Saturday, 19 October 2024

.io (11. 915)

Since 1968, the UK and US have operated a joint military base, Diego Garcia, on the Chagos Islands—with the official demonym of the British Indian Ocean Territory (BIOT, also previously known as the Oil Islands)—and Mauritius (which gained independence from the UK the same year after being ceded as a French colony to Britain under the terms of the 1814 Treaty of Paris) has claimed the archipelago as its own, supported by a ruling of the International Court of Justice to end decolonisation. After more than half a century, the UK conceded and in exchange for a ninety-nine year lease on the military base has handed over sovereignty to Mauritius earlier this month.
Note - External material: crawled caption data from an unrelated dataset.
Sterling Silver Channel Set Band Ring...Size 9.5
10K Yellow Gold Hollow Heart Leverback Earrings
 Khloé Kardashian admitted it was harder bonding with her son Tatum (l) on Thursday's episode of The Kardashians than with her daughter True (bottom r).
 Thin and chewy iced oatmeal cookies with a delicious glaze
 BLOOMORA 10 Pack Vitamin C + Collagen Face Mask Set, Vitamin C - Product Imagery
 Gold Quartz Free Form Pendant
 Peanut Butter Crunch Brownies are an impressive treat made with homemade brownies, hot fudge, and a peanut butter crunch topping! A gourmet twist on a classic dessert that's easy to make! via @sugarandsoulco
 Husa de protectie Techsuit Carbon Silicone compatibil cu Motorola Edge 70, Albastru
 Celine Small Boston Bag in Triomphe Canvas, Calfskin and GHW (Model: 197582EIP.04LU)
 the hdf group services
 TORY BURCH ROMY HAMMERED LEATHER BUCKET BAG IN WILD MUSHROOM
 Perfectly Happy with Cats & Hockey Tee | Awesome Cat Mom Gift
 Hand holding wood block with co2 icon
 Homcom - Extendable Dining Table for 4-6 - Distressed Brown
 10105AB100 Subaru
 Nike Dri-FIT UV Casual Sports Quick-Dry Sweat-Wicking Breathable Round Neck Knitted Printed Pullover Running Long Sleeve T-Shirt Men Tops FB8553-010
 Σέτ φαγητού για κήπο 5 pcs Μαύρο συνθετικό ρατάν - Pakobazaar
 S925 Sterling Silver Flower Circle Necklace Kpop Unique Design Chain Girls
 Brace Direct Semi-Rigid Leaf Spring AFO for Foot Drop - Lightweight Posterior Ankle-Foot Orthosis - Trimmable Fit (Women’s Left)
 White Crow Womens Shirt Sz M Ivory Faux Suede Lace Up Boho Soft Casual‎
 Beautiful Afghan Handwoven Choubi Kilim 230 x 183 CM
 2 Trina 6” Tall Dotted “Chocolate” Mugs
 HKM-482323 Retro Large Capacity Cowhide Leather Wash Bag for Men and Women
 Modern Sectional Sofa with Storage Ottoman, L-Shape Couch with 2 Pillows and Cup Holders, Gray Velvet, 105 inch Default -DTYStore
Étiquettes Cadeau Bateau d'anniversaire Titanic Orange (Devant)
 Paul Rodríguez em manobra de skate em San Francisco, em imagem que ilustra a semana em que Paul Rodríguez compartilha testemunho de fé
And while a significant move for justice and reconciliation, these developments—not tracked by the tech world—have an equally sizeable impact on the internet with repatriation, we learn via Web Curious. The Internet Assigned Numbers Authority, which issues top-level country domains will remove the suffix, IO, not allowing any new registration under that code (like with the governing body for emoji no longer accepting submissions for flags) and begin the process of retiring existing ones: github, twitch, et al. At a time when domain names can be a considerable portion of a country’s economy (see also) and how many have hitched their identity to a particular brand and legacy with an expectation of permanence, it’s pretty consequential—and of course not without protocol and precedent, albeit established in times when the online world did not play such an overwhelming part of our lives, geopolitically or otherwise. Granted less than a year earlier, the Soviet Union .su domain was replaced with .ru with understanding it would eventually be shutdown in 1991—but the former’s transformation into an unpoliced space and refuge of the dark web convinced authorities that regulations needed to be in place and enforced regarding transition and closure. The 1992 dissolution of Yugoslavia was arguably a better managed affair, with the ISO and IANA having learned from their previous experience, with .yu splintering into its successors .me and .rs respectively.